On my setup, backups are supposed to be stored on local-lvm, but I also have a NAS where I could store them. Tried both options but it doesn't seem to make any difference.
Tried different compression methods but also doesn't seem to make any difference. It's the only VM that refuses to backup (it was on at the time of the power outage).
I've tried backing up other VMs and CTs and they backup just fine, that one seems to be the only one affected.

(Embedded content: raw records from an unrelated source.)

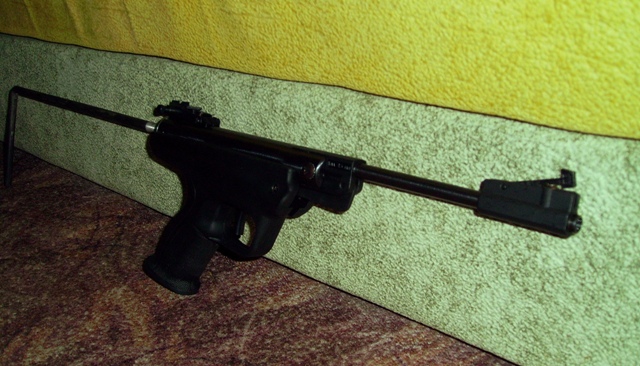 640 x 366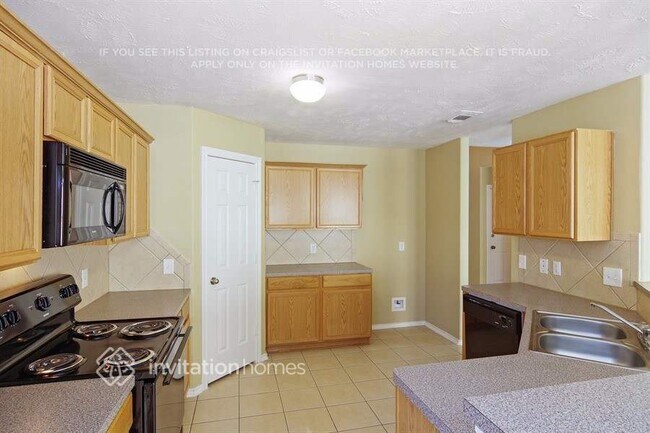 Foto del edificio - 15011 Roche Rock Dr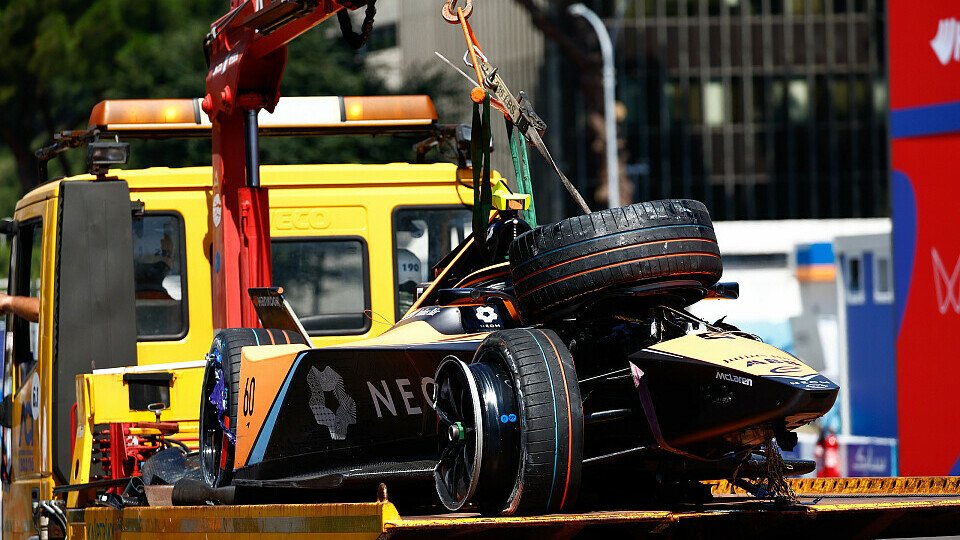 Jake Hughes' McLaren nach dem Qualifying-Unfall in Rom, Foto: LAT Images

The way I see it, given the info I've gathered it seems to be related to some bad sectors and I'm thinking that a fsck would probably solve the issue, the problem is that it doesn't seem to be that straightforward doing it on Proxmox and frankly I'm completely lost at this point. Some help would be greatly appreciated as I use that machine for some work related stuff and I'd like to be able to back it up just in case. I'd like to know how I could run something like fsck or some other tool to scan and repair the drive where my VM's data resides. I'm not a Linux expert by any means, especially when it comes to Proxmox, otherwise I wouldn't be here.
I'll provide some relevant info down below. I'll also attach some screenshots of S.M.A.R.T data of both my root drive (nvme where pve-root and local-lvm reside) and also another SSD I have on the system where I keep backups, ISOs and CT Templates.

Backup job log :
Code:
INFO: starting new backup job: vzdump 100 --protected 1 --notification-mode auto --remove 0 --node pve --compress zstd --notes-template '{{guestname}}' --storage local-storage --mode stop
INFO: Starting Backup of VM 100 (qemu)
INFO: Backup started at 2025-02-17 19:00:46
INFO: status = stopped
INFO: backup mode: stop
INFO: ionice priority: 7
INFO: VM Name: Win10-LTSC
INFO: include disk 'scsi0' 'local-lvm:vm-100-disk-1' 250G
INFO: include disk 'efidisk0' 'local-lvm:vm-100-disk-0' 4M
INFO: creating vzdump archive '/mnt/pve/local-storage/dump/vzdump-qemu-100-2025_02_17-19_00_46.vma.zst'
INFO: starting kvm to execute backup task
INFO: started backup task '2ab191a2-2fa3-437b-a705-dbb23cf337ce'
INFO:   0% (178.0 MiB of 250.0 GiB) in 1s, read: 178.0 MiB/s, write: 88.1 MiB/s
ERROR: job failed with err -5 - Input/output error
INFO: aborting backup job
INFO: stopping kvm after backup task
ERROR: Backup of VM 100 failed - job failed with err -5 - Input/output error
INFO: Failed at 2025-02-17 19:00:49
INFO: Backup job finished with errors
TASK ERROR: job errors

Journalctl during backup job :
Code:
Feb 17 19:00:46 pve pvedaemon[2344]: INFO: starting new backup job: vzdump 100 --protected 1 --notification-mode auto --remove 0 --node pve --compress zstd --notes-template '{{guestname}}' --storage local-storage --mode stop
Feb 17 19:00:46 pve pvedaemon[2344]: INFO: Starting Backup of VM 100 (qemu)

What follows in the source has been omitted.